2021 Chateau D’Esclans Whispering Angel Cotes de Provence Rose 1.5L
2021 Chateau D’Esclans Whispering Angel Cotes de Provence Rose 1.5L A delicious 2021 Rosé from Cotes de Provence, Provence, South of France, France. Whispering Angel is today’s worldwide reference for Provence rosé. Made from Grenache, Cinsault and Rolle (Vermentino), its pale color is pleasing to the eye and draws one in. The rewarding taste profile is full and lush while being bone dry with a smooth finish. Highly approachable and enjoyable with a broad range of cuisine, Whispering Angel is a premium rosé that you can drink from mid-day to midnight.
Château d’Esclans lies in the center of the Department of the Var, where the majority of Provence AOC rosé is produced. The land was occupied as long as 2500 years ago when it was probably used as a lookout point for intruders sailing into the Gulf of Frejus. The original château—of which now only the cellar remains—dates back to before the 12th century. In 1201, Gérard De Villeneuve, part of a wealthy family from Marseille, took ownership of the château and the majority of the surface area of the Vallée d’Esclans that would eventually be sold off in lots. Two brothers, Sauveur Louis Ranque and François Alexandre Ranque, were the next to own the château, known then as Terre d’Esclans.
In 1875, they sold the property to Joseph Toussaint Caussemille, who manufactured wooden matches near Marseilles. In 1955, the Perraud family owned the property until 1994. At that time, it was purchased by a Swedish pension fund that produced a small amount of wine and the remaining grapes were sold to neighboring winemakers. Sacha Lichine aquired Château d’Esclans in 2006. Today there are 345 acres (140 ha) of vineyards. The total property has 1,055 acres (427 ha).

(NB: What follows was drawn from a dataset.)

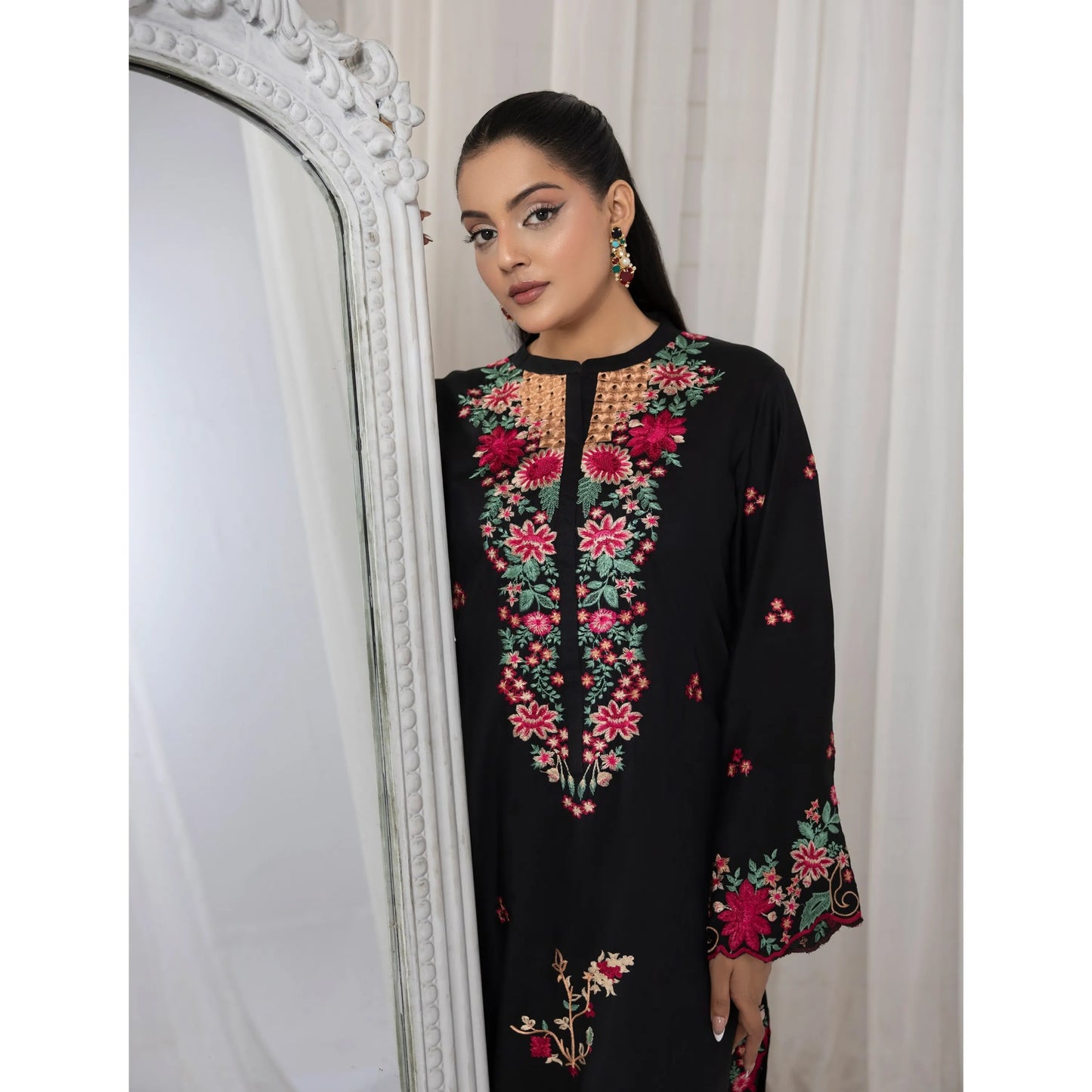 UTT-22 Embroidered Viscose Linen Kaftan Style 2 Piece Co Ord Set Collection by Traditional Thread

The primary grape grown on the property is Grenache followed by Vermentino. Other grapes include Cinsault, Merlot, Mourvèdre, Syrah, and Tibouren. The château is known for its old Grenache vines which produce grapes that offer greater concentration of flavor than do the younger vines. As the elevation to where the lots are situated increases, so do the age of the vines. At the highest elevated lot vines are as old as 90 years.